Python based ELT data pipeline orchestrated with Apache Airfow and containerized with Docker Compose, serving the purpose of simplifying the competitive deck construction process in the popular collectible card game Magic: The Gathering. Tournament deck data scraped from MTGTop8 and card data scraped from the Scryfall API.
Data architecture hosted on AWS and created with Terraform. Services utilized in this pipeline include:
- S3 Buckets: Data lake used to store pre-processed and processed data from both sources.
- RDS: Two relational databases hosted on AWS that are utilized in the data pipeline; an application database which is accessed whenever users retrieve data and a warehouse database for storage and analytics.
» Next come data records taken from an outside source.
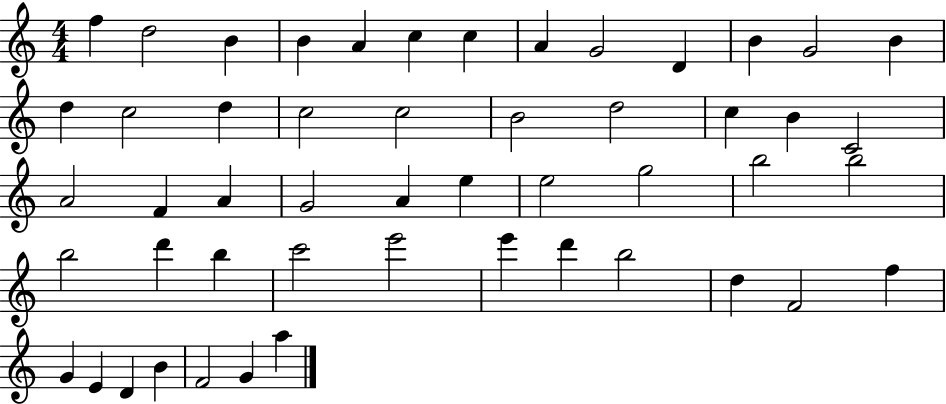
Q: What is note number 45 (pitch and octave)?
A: G4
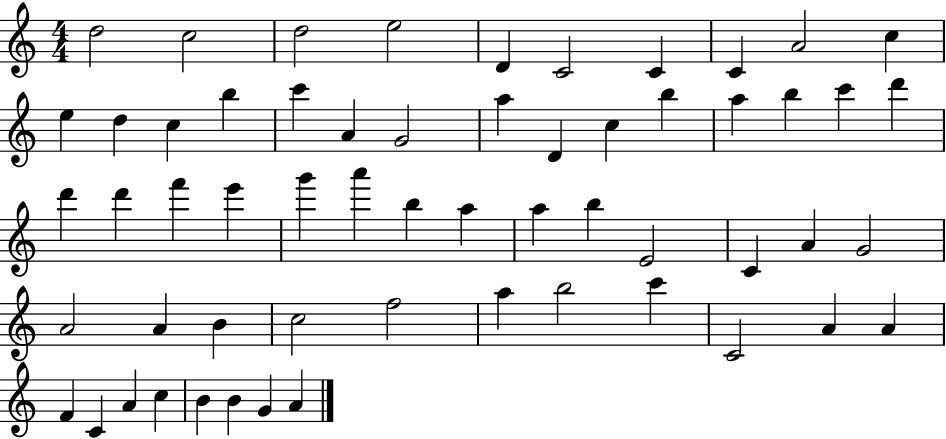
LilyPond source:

{
  \clef treble
  \numericTimeSignature
  \time 4/4
  \key c \major
  d''2 c''2 | d''2 e''2 | d'4 c'2 c'4 | c'4 a'2 c''4 | \break e''4 d''4 c''4 b''4 | c'''4 a'4 g'2 | a''4 d'4 c''4 b''4 | a''4 b''4 c'''4 d'''4 | \break d'''4 d'''4 f'''4 e'''4 | g'''4 a'''4 b''4 a''4 | a''4 b''4 e'2 | c'4 a'4 g'2 | \break a'2 a'4 b'4 | c''2 f''2 | a''4 b''2 c'''4 | c'2 a'4 a'4 | \break f'4 c'4 a'4 c''4 | b'4 b'4 g'4 a'4 | \bar "|."
}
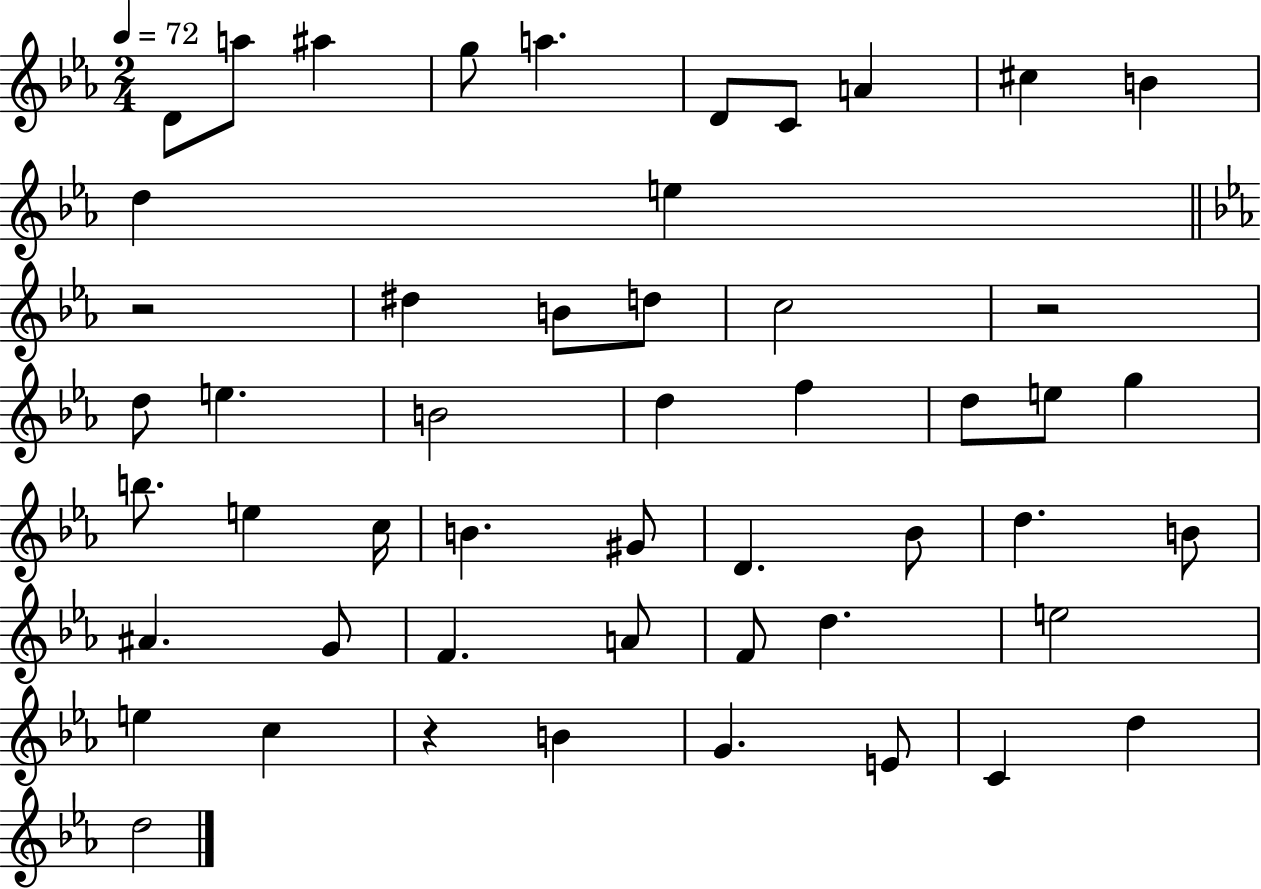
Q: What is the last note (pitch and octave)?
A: D5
- Redshift: Data warehouse which serves as the architecture for data modeling and storage. Soon will be accessed by an analytics page hosted on Metabase for long-term meta trend analysis.
Data pipeline orchestrated with Apache Airflow and containerized with Docker Compose. DAG steps:
- Scrape raw card data from Scryfall API.
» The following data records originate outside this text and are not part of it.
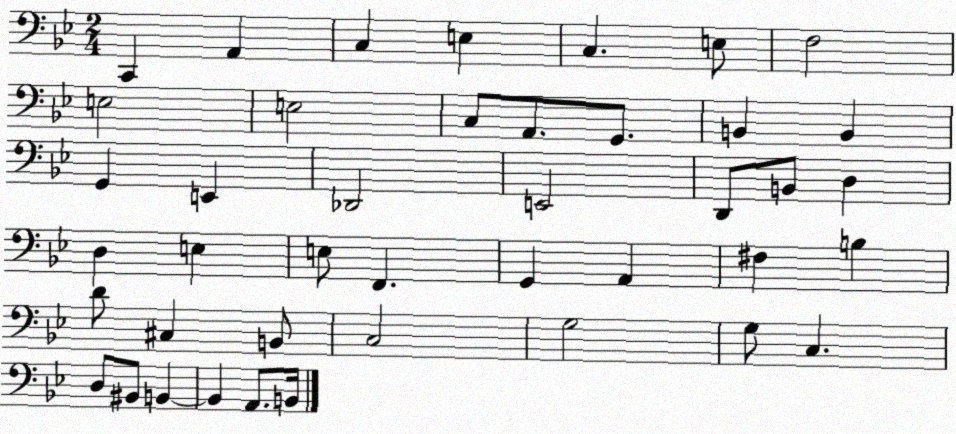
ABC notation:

X:1
T:Untitled
M:2/4
L:1/4
K:Bb
C,, A,, C, E, C, E,/2 F,2 E,2 E,2 C,/2 A,,/2 G,,/2 B,, B,, G,, E,, _D,,2 E,,2 D,,/2 B,,/2 D, D, E, E,/2 F,, G,, A,, ^F, B, D/2 ^C, B,,/2 C,2 G,2 G,/2 C, D,/2 ^B,,/2 B,, B,, A,,/2 B,,/4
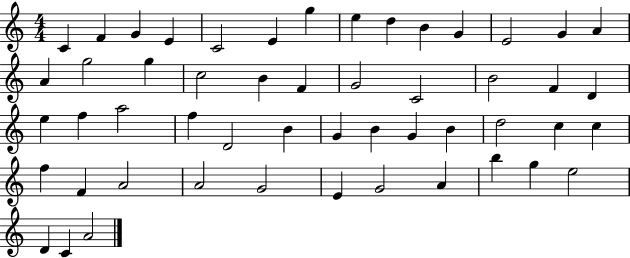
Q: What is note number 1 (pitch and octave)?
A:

- Scrape raw tournament deck data from MTGTop8 with beautifulsoup4.
- Load raw card and deck data from Scryfall API into data lake (AWS S3) with JSON format.
- Validate raw data with Pydantic and transform data into tabular format with Pandas to help facilitate the process of loading data into the relational databases.
- Load prep data into data lake with CSV format.
- Load data into application database (AWS RDS).
- Load data into data warehouse (AWS Redshift).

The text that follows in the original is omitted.